Data items:
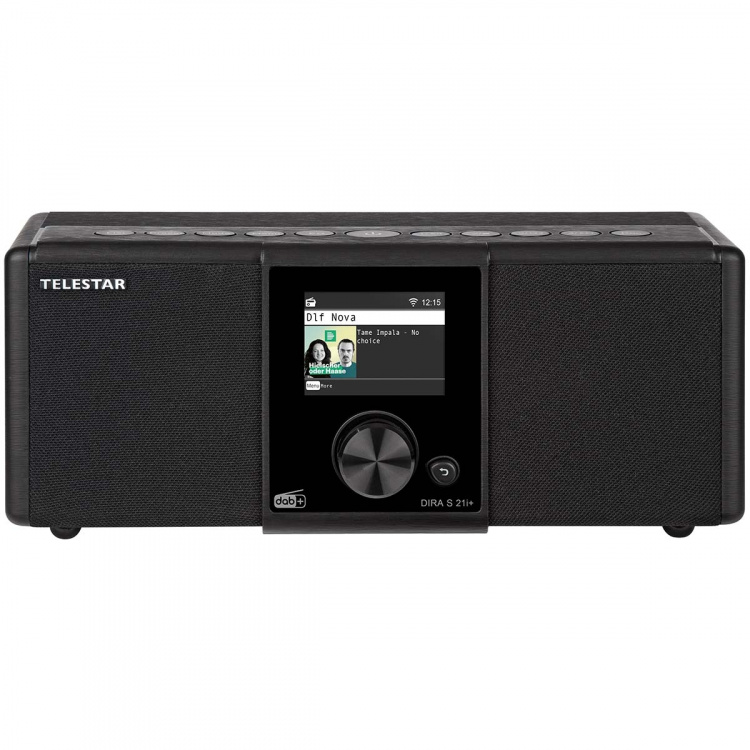 TELESTAR DIRA S21i+ EWF Multifunksjonell stereoradio DAB+ / FM / Internett / Bluetooth Svart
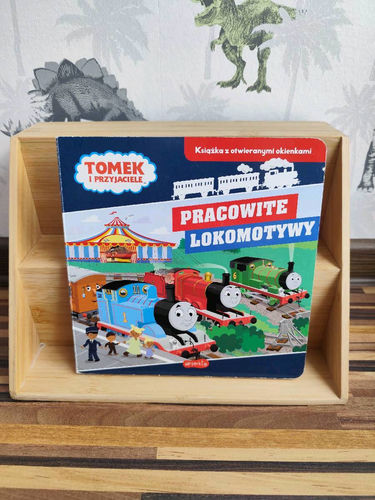 Pracowite lokomotywy. Tomek i przyjaciele. Książka z otwieranymi okienkami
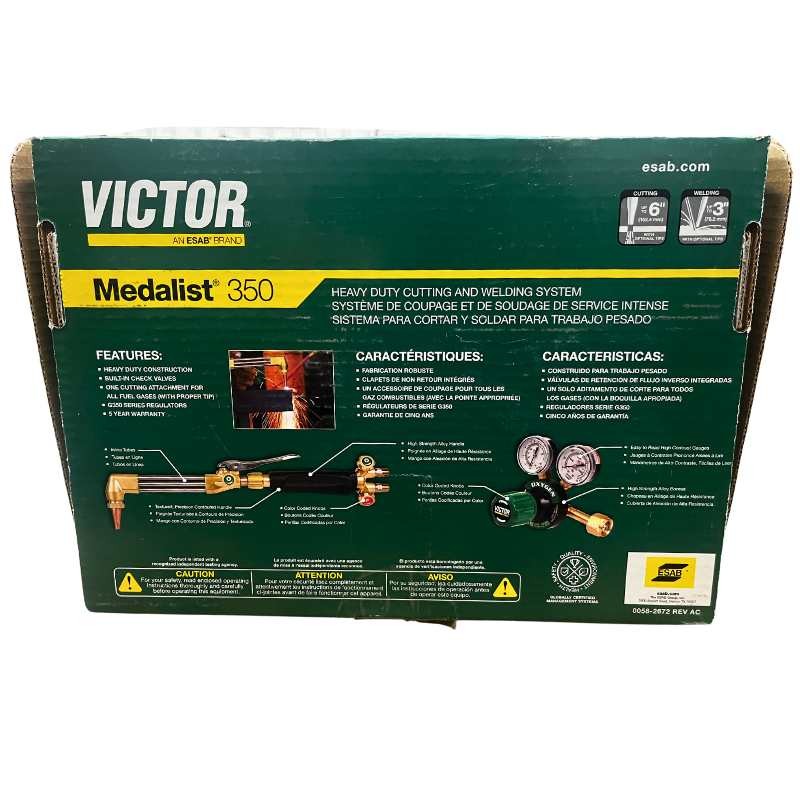 MEDALIST 350 VICTOR 0384-2625 CGA-540/510 STD  PLUS
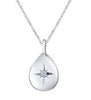 White Gold Canadian Diamond Pendant Necklace.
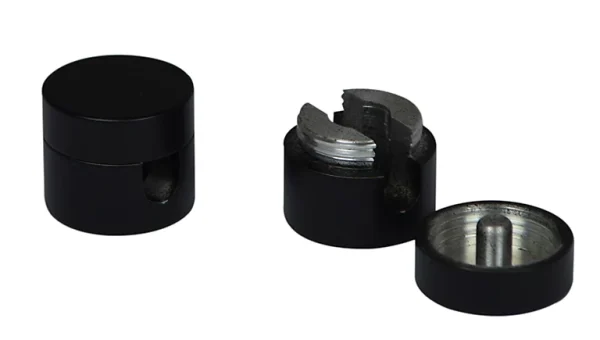 magasin pour Castorama Lot 2 Passe-câbles Aluminium Noir Ø2 Cm Tibelec 1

● Problem to work on
Each line of the data must be transcribed exactly; pictures are not carried over.

● Reply to the task
 TELESTAR DIRA S21i+ EWF Multifunksjonell stereoradio DAB+ / FM / Internett / Bluetooth Svart
 Pracowite lokomotywy. Tomek i przyjaciele. Książka z otwieranymi okienkami
 MEDALIST 350 VICTOR 0384-2625 CGA-540/510 STD  PLUS
 White Gold Canadian Diamond Pendant Necklace.
 magasin pour Castorama Lot 2 Passe-câbles Aluminium Noir Ø2 Cm Tibelec 1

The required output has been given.